▶ _Exercise goal_:
Repeat exactly, and only, the lines below starting at the line that contains "Building Photo - 1027 Pirates Ct" and ending at the line that contains "プルームエス2.0のアイスシルバー本体実機", inclusive of both.

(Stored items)
════

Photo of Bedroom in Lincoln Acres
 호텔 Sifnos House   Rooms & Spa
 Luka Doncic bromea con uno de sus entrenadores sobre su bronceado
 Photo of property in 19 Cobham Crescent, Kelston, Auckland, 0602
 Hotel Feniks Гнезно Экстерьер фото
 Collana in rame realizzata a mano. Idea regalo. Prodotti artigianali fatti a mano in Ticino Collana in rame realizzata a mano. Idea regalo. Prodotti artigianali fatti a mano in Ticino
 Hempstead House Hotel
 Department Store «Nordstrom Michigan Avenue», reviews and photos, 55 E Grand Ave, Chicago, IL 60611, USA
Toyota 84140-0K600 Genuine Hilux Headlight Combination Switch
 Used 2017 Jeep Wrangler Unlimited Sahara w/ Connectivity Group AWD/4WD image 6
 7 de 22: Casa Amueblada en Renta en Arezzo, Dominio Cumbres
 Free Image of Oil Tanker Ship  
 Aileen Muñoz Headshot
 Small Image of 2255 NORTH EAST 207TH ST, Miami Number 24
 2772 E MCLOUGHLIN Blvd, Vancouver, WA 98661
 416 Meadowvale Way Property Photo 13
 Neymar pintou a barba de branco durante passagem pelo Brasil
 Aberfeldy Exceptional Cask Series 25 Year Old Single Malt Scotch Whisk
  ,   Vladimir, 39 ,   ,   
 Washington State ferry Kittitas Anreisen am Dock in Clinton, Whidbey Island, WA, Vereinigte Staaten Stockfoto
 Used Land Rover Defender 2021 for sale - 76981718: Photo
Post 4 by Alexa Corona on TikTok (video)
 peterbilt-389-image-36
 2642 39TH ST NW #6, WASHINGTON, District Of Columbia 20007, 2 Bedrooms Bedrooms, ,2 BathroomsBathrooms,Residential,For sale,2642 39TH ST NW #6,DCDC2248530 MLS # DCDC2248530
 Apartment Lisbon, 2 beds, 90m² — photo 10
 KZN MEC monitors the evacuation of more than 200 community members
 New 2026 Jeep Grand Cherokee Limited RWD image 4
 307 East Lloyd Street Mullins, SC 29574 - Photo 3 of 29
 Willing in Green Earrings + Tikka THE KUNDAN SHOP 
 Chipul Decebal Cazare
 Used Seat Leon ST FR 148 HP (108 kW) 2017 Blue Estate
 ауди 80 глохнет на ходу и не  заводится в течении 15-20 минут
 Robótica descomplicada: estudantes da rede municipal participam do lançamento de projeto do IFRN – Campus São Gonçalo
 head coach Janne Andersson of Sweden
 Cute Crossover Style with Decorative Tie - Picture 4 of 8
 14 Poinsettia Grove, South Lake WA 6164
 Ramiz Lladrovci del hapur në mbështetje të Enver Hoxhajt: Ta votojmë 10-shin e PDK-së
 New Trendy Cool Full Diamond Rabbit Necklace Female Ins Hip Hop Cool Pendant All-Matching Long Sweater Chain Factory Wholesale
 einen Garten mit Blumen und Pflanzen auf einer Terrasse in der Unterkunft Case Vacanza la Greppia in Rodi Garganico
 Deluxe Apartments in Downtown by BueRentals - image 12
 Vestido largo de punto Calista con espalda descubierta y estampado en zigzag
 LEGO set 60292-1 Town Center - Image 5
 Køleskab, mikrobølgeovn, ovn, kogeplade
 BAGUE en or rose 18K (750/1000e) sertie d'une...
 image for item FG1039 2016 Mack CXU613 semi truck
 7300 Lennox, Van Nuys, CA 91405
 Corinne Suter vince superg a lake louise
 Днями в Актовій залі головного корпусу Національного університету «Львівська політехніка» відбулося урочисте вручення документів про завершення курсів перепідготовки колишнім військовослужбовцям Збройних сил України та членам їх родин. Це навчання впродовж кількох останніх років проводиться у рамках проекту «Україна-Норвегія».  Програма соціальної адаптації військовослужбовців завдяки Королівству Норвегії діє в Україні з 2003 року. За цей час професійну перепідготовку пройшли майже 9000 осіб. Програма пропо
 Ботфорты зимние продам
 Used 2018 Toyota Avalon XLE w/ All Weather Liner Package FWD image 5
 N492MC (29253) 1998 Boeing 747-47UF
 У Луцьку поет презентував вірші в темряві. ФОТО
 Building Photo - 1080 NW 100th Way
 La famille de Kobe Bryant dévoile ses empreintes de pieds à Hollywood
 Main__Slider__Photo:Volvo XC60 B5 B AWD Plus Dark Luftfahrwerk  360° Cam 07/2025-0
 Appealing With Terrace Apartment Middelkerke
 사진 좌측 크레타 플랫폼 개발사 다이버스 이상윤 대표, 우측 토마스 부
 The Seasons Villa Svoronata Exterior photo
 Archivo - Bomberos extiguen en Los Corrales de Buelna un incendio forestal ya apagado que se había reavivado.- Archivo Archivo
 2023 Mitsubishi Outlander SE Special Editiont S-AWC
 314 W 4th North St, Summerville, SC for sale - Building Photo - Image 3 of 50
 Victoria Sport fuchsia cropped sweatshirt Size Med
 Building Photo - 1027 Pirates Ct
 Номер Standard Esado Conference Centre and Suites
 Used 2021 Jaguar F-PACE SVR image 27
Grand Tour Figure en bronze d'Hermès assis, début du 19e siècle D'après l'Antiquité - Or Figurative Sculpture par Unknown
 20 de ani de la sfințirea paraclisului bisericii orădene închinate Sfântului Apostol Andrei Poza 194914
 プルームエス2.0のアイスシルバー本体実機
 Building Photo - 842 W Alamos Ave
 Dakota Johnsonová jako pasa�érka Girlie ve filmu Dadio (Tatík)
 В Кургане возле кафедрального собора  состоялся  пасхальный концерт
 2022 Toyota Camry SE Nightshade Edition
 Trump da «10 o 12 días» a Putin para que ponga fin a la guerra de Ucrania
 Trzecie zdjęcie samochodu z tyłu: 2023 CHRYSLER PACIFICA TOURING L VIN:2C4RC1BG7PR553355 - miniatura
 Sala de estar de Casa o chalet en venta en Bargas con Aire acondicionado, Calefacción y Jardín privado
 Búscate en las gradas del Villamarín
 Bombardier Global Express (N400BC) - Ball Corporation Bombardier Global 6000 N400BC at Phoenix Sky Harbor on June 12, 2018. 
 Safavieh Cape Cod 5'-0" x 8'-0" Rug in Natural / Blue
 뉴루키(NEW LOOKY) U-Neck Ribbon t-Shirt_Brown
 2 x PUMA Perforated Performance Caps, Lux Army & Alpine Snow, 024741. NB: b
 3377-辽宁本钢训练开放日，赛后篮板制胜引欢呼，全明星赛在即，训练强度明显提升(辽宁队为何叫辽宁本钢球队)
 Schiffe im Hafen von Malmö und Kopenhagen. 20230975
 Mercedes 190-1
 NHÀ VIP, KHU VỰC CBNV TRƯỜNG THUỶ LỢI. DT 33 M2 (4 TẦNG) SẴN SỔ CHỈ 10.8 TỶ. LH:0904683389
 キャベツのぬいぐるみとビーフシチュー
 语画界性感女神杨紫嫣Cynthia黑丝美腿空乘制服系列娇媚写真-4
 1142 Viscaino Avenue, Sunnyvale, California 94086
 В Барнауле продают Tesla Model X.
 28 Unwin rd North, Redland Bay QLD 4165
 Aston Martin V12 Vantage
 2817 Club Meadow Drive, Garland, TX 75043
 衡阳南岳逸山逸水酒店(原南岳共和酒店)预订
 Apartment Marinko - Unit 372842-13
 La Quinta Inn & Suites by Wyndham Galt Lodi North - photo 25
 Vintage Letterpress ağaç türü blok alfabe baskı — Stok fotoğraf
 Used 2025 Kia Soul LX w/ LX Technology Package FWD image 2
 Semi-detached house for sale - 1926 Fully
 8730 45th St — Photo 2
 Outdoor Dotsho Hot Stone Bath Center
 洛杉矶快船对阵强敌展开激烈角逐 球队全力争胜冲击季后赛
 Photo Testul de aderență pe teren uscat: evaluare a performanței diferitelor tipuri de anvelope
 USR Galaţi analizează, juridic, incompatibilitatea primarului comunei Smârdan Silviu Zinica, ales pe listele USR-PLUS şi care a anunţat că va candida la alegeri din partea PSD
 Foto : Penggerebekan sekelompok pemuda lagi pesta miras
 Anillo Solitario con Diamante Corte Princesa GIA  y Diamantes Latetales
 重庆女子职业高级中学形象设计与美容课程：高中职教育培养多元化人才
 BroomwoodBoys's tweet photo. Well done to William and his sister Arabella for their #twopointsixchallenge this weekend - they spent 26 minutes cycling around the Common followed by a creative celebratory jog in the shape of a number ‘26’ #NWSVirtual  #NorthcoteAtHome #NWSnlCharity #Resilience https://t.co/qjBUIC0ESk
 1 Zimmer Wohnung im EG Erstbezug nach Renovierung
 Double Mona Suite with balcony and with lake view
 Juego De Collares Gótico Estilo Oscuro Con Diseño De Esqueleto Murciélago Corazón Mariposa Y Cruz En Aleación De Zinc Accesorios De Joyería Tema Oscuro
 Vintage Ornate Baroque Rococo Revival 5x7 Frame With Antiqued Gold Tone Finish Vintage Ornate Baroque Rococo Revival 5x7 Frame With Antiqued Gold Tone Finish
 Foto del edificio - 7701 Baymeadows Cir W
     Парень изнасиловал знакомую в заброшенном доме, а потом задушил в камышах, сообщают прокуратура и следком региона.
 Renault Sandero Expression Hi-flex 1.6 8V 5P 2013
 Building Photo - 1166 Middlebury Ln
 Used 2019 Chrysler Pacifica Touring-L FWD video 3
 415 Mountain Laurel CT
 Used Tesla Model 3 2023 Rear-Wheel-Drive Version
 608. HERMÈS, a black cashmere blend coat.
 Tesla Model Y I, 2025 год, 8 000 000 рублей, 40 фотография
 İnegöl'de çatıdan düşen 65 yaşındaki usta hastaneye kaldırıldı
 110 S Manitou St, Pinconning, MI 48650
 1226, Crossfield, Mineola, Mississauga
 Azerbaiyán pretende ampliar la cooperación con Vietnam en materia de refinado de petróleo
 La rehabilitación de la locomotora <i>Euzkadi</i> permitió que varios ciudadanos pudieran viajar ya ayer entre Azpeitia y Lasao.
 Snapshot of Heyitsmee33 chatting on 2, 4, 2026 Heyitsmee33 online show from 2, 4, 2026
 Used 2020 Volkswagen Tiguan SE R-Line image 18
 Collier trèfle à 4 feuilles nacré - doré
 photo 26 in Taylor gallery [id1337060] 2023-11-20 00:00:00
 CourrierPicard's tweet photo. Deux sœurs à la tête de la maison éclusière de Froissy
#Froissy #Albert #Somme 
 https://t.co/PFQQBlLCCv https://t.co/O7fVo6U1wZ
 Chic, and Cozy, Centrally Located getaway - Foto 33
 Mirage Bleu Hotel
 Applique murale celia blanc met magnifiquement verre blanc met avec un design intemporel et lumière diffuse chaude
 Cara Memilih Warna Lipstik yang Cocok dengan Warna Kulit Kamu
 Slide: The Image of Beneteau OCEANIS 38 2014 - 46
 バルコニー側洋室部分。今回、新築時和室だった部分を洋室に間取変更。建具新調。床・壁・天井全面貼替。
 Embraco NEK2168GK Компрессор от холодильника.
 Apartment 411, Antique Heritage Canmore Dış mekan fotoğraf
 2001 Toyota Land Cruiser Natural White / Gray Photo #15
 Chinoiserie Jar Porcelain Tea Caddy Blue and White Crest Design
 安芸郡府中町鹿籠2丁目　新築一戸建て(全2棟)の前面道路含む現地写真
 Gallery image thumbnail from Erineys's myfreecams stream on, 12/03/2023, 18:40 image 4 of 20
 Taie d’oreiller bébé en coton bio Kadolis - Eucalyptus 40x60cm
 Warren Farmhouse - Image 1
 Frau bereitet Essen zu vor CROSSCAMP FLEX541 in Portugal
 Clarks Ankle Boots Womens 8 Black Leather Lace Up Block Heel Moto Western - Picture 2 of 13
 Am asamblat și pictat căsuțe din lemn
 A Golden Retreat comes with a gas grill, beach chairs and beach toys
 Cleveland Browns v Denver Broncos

════

▶ _Answer space_:
 Building Photo - 1027 Pirates Ct
 Номер Standard Esado Conference Centre and Suites
 Used 2021 Jaguar F-PACE SVR image 27
Grand Tour Figure en bronze d'Hermès assis, début du 19e siècle D'après l'Antiquité - Or Figurative Sculpture par Unknown
 20 de ani de la sfințirea paraclisului bisericii orădene închinate Sfântului Apostol Andrei Poza 194914
 プルームエス2.0のアイスシルバー本体実機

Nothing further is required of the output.